Then in some cases the thing to do would be to carefully document and draw up accurate manufacturing drawings so these could be made at least partially ahead of time. Maybe only some critical features would need to wait and be matched. And I suppose the majority of the market would be clock makers to begin with, so they would have the capability and knowledge to finish as needed. Just that some features aren't critical and would be a tremendous time saver for that person. It doesn't seem like Joe Citizen would venture to repair his own antique clock.


----------



## HMF (Oct 26, 2016)

Yes, but do not over-complicate things.

Start with something easy like a pinion replacement. 
There are so many sites online, your head will spin:

http://www.clockworks.com/clock-movement/other-clock-movement.html

Contact Al Takasch. He is a good guy. Just moved from NYC to NC.
He's in a chair but does top flight repairs.


----------



## Tony Wells (Oct 26, 2016)

As normal for me, I do overcomplicate things. Then, are you saying that to get started in this, one way may be just to offer a "restoration" of sorts that involves more simply replacing the existing movements with these replicas? At those prices, it seems reasonable, as long as the customer signed off on it. Plus unless they wanted the old movement, it could be rebuilt as a learning device.


----------



## chips&more (Oct 30, 2016)

Don’t know what caliber of clock you want to swap out the guts on. But on the clocks I have, that would be sacrilege. Most movements involve a clock repair person and not a clockmaker person. A good cleaning & oil, maybe a few bushings, maybe a pivot or two and more than likely you will need to fix what the last person(s) did not do correctly. I think you have the skill and knowledge to just dive right in. I think the clock repair course will mostly bore you to sleep. One thing that comes to mind is when disassembling a movement, make sure the mainspring power is let down or under control. You can easily damage a movement if you don’t heed this rule. Everything else is basic mechanics. No blueprints that I’m aware of. If you need a part, it’s usually from a sample or you measure existing components to make a missing replacement. You can do it…Dave


----------



## Tony Wells (Oct 30, 2016)

Well, no one ever accused me of being timid. I remember my first automatic trans. I have an aged uncle who made his living at it when he was working. He wouldn't even off any advice other than "dive in, you can do it". But that was after years of mechanic work. But then, I have been at making parts as well as checking precision parts (along with just about everything else associated with it except outside sales, hated that part) for well over 40 years. And even though it's been mostly oilfield, not everything is big and rough. One former customer had an in house horological machine shop. Wish I had stayed more in touch with those guys. I guess if I'm going to do it, I need to get started before my eyesight and dexterity get any worse. 
So with that thought in mind, I'll be looking for recommendations for machinery and tools. I have the major parts of a jewelers lathe, and can build the rest once I settle on whose design to steal. But for gear making, I am seriously considering building a wire EDM. I know there is a Yahoo group for them, as I am a member. I play with electronics maybe enough to pull it off, but have a brother who has probably more practical education than most EE's. I can build the thing, and there seems to be a lot of support from the home brew world. Part of me says no, do it the old fashioned way, and that is important to me. But then I would obviously have to learn the old ways. I'd actually prefer to do that, even if I do build an EDM. I can see too many other uses for it, not just in clockwork. 

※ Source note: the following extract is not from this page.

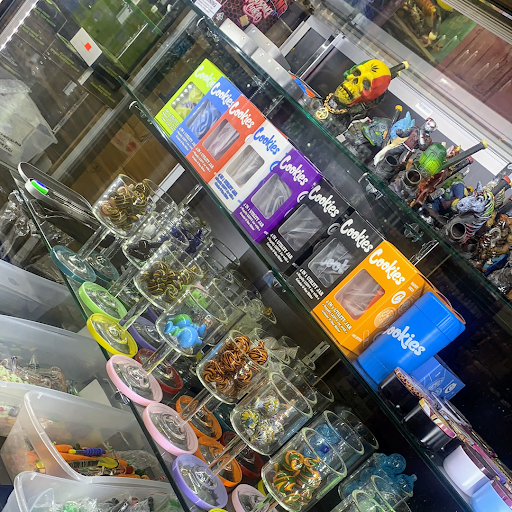 Tobacco Shop «Starbuzz Smoke Shop», reviews and photos, 668 Soscol Ave, Napa, CA 94559, USA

Chips, I completely agree with what you said about new guts in an old clock. There is a ton of purist in me that wold have to be overcome to allow me to do that. BUT, that said, if that's what it takes to get my feet wet and maybe make a few bucks, I may have to have that personal battle. I honestly believe I have a strong mechanical instinct and have proven this many times on things I have never laid eyes on, so it's not that I am a bit afraid of working on clocks. It's just the decision and commitment involved that are a little intimidating. I'd end up gutting my shop of everything that could handle material over 6", and I am loathe to do that. I have coolant in my veins, and that is hard to get rid of. That is if you can find anyone who actually wants to get rid of it.

OK then, suppose I do want to take a stab at this. Where to I find my first clock, that I really can't hurt, either by working on it, or replacing the works in? eBay? Doesn't seem likely. Garage sales? Who knows. I wish I had pushed a little harder on that one person who called from Longview(who also told me there was no one there who worked on clocks) to get my hand on that one. I did check a little bit here in Tyler, and found only one vague reference to anyone who sounded like they might work on antique clocks. After getting going, I can see leaving info at other antique restorers places. Those we have quite a few of, but they are mostly into furniture. I also had a chance to repair/restore an antique sewing machine. Actually have one of those myself, but it works perfectly, so not much help there.

So I'm open to ideas as to how to approach this, from the methods and machinery to the marketing.....keep talking to me guys.


----------